WHAT TO WORK ON: Every line of the records below from the line with "Children gather around" up to and including the line with "A brightly painted" must be reproduced exactly, and no line outside that range.
== == ==
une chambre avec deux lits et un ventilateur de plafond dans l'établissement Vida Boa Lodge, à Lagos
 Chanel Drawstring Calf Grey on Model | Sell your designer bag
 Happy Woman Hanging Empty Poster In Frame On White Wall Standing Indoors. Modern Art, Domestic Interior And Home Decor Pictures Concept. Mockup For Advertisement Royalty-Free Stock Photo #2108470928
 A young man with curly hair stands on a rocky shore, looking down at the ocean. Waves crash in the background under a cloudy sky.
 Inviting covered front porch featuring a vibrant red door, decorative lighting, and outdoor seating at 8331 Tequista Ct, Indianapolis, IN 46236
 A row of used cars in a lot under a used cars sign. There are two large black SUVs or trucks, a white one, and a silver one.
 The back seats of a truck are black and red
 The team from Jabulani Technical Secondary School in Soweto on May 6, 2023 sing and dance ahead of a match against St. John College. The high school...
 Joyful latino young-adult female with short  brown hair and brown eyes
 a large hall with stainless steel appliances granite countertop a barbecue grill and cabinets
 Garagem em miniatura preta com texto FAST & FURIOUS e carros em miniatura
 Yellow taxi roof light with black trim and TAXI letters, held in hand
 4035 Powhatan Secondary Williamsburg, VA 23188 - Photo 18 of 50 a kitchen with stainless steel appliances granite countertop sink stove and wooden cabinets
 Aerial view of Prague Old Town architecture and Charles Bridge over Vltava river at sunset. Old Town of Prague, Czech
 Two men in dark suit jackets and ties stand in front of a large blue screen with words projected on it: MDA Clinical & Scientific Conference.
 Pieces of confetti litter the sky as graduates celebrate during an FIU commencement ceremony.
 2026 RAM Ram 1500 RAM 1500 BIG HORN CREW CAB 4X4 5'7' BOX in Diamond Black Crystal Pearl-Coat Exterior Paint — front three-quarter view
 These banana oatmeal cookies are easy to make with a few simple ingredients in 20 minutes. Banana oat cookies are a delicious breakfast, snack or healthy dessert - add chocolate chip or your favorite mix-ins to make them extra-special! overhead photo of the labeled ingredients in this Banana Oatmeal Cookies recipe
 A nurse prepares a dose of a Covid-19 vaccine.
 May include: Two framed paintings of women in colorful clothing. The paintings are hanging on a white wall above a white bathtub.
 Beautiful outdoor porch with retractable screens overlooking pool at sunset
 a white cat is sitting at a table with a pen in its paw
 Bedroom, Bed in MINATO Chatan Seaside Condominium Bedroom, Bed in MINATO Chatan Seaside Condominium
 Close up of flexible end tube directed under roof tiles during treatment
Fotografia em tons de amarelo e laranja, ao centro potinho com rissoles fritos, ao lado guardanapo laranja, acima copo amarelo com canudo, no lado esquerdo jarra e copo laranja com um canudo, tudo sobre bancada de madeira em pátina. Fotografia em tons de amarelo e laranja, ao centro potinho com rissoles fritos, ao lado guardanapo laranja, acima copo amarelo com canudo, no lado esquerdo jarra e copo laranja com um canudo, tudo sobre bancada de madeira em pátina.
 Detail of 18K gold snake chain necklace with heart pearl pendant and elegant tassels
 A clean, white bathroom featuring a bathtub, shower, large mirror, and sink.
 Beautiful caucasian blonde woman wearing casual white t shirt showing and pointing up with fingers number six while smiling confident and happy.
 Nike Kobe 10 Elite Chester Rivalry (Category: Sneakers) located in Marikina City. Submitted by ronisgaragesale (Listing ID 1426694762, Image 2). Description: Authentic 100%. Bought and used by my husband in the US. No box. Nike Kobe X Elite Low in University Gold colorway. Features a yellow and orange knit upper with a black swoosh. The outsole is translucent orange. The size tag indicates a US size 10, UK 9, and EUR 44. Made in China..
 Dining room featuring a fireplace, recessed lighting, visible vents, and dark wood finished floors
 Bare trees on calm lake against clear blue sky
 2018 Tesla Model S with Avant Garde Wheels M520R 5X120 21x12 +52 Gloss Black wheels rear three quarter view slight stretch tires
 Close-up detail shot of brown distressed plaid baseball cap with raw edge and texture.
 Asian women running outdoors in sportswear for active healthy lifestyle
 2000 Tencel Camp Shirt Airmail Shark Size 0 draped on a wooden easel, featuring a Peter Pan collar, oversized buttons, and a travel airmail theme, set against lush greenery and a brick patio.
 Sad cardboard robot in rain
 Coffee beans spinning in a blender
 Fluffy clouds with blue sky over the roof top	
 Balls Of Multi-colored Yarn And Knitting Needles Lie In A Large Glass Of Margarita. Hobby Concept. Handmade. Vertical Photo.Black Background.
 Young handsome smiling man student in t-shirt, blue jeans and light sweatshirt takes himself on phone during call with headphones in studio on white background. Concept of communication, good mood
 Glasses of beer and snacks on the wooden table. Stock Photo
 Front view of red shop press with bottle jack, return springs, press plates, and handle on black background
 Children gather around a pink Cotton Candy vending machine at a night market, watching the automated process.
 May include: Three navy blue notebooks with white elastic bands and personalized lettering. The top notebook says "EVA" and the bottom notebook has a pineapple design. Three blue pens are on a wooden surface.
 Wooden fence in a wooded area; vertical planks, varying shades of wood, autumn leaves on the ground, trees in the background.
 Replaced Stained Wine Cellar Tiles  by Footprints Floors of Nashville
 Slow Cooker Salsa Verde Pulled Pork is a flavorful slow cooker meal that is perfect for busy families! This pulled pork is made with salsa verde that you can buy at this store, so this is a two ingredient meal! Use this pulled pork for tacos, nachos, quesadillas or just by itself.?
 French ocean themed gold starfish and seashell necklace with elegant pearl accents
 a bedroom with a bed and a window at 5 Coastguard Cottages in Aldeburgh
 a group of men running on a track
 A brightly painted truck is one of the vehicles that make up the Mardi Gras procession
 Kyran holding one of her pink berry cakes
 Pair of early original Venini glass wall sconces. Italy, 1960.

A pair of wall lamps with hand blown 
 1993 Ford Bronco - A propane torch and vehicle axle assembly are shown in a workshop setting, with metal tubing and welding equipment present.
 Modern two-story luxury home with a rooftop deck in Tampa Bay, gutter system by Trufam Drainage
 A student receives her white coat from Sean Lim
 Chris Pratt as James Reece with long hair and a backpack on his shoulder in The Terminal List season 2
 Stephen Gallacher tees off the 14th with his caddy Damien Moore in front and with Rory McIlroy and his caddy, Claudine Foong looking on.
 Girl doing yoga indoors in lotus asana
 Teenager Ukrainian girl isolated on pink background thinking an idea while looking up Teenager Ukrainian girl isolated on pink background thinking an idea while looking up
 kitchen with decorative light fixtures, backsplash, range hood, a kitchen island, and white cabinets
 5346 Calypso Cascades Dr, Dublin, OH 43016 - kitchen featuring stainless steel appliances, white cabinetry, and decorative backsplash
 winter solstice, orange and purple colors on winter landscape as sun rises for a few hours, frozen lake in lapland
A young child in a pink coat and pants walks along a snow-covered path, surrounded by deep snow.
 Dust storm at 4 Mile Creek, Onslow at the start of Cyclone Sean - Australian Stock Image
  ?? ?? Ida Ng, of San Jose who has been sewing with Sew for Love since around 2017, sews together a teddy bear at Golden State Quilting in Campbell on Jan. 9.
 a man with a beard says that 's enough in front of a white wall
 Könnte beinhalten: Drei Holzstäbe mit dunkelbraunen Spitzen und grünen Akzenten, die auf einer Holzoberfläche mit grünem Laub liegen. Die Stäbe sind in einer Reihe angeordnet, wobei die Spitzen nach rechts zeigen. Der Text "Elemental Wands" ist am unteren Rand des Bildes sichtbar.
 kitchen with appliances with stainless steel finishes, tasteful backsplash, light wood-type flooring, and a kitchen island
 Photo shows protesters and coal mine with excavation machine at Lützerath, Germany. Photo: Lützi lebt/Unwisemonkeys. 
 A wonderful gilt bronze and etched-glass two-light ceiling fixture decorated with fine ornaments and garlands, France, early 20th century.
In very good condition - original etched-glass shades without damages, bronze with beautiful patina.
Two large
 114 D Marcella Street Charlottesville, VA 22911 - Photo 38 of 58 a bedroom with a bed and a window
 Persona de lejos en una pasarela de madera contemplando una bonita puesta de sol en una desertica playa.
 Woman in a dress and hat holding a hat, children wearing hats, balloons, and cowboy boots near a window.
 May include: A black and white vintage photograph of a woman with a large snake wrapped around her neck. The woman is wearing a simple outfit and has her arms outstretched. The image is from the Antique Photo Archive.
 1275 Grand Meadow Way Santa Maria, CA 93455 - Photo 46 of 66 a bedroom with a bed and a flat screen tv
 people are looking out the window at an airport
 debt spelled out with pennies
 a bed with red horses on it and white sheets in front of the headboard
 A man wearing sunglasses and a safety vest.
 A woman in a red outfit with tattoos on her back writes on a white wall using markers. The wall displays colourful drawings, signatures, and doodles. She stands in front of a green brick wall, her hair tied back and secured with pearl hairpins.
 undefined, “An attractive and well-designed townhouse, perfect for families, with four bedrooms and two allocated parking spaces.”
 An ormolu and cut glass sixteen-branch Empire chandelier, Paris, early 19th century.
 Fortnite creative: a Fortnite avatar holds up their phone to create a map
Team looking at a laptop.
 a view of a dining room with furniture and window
== == ==
THE COMPLETED TASK:
 Children gather around a pink Cotton Candy vending machine at a night market, watching the automated process.
 May include: Three navy blue notebooks with white elastic bands and personalized lettering. The top notebook says "EVA" and the bottom notebook has a pineapple design. Three blue pens are on a wooden surface.
 Wooden fence in a wooded area; vertical planks, varying shades of wood, autumn leaves on the ground, trees in the background.
 Replaced Stained Wine Cellar Tiles  by Footprints Floors of Nashville
 Slow Cooker Salsa Verde Pulled Pork is a flavorful slow cooker meal that is perfect for busy families! This pulled pork is made with salsa verde that you can buy at this store, so this is a two ingredient meal! Use this pulled pork for tacos, nachos, quesadillas or just by itself.?
 French ocean themed gold starfish and seashell necklace with elegant pearl accents
 a bedroom with a bed and a window at 5 Coastguard Cottages in Aldeburgh
 a group of men running on a track
 A brightly painted truck is one of the vehicles that make up the Mardi Gras procession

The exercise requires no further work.